From daddf13b01e9436a35e00774ca582b6df127655e Mon Sep 17 00:00:00 2001
From: "Joshua M. Boniface" <joshua@boniface.me>
Date: Sat, 16 Sep 2023 23:46:18 -0400
Subject: [PATCH] Add fencing documentation

---
 docs/deployment/cluster-architecture.md  |  4 +-
 docs/deployment/fencing.md               | 97 ++++++++++++++++++++++++
 docs/deployment/hardware-requirements.md |  2 +-
 3 files changed, 100 insertions(+), 3 deletions(-)
 create mode 100644 docs/deployment/fencing.md

diff --git a/docs/deployment/cluster-architecture.md b/docs/deployment/cluster-architecture.md
index 95e5817..9ec00c5 100644
--- a/docs/deployment/cluster-architecture.md
+++ b/docs/deployment/cluster-architecture.md
@@ -78,7 +78,7 @@ Many PVC daemons, as discussed below, leverage a majority quorum to function. A
 
 This is an important consideration when deciding the number of coordinators to allocate: a 3-coordinator system can tolerate the loss of a single coordinator without impacting the cluster, but losing 2 would render the cluster inoperable; similarly, a 5-coordinator system can tolerate the loss of 2 coordinators, but losing 3 would render the cluster inoperable. In addition, these coordinators must be located in such a way that a majority can communicate in outage events, in order for the cluster to remain operational. This affects the network and physical design of a cluster and must be carefully considered during deployment; for instance, network switches and links, and power, should be redundant.
 
-For more details on this, see the [Fencing & Georedundancy](/deployment/fencing-and-georedundancy) documentation. This document also covers the node fencing process, which allows automatic recovery from a node failure in certain outage events.
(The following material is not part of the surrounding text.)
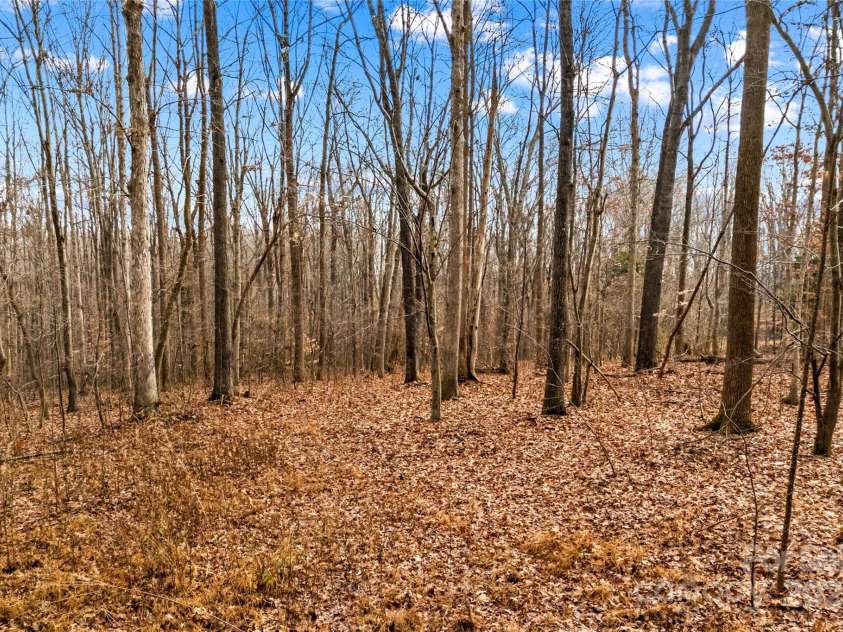 338 Piney Grove Road, Harmony, NC 28634.  MLS# CAR4329869, YatesRealty ID 4130. 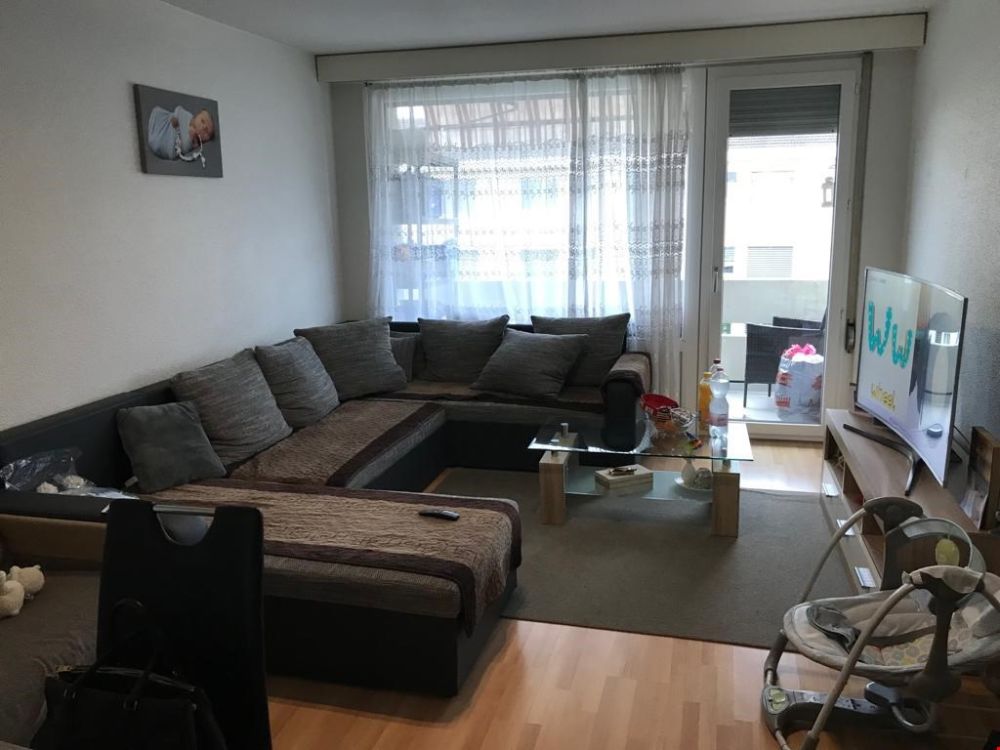 Total sanierte 3.5 Zimmerwohnung an zentraler Lage - Bild 2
+For more details on this, see the [Fencing](/deployment/fencing) and [Georedundancy](/deployment/georedundancy) documentation. The first also covers the node fencing process, which allows automatic recovery from a node failure in certain outage events.
 
 Hypervisors are not affected by the coordinator quorum: a cluster can lose any number of non-coordinator hypervisors without impacting core services, though compute resources (CPU and memory) must be available on the remaining nodes for VMs to function properly, and any OSDs on these hypervisors, if applicable, would become unavailable, potentially impacting storage availability.
 
@@ -130,7 +130,7 @@ The "upstream" network requires outbound Internet access, as it will be used to
 
 This network, though it requires Internet access, should not be exposed directly to the Internet or to other untrusted local networks for security reasons. PVC itself makes no attempt to hinder access to nodes from within this network. At a minimum, an upstream firewall should prevent external access to this network, and only trusted hosts or on-cluster VMs should be added to it.
 
-In addition to all other functions, server IPMI interfaces should reside either directly in this network, or in a network directly reachable from this network, to provide fencing and auto-recovery functionality. For more details, see the [Fencing & Georedundancy](/deployment/fencing-and-georedundancy) documentation.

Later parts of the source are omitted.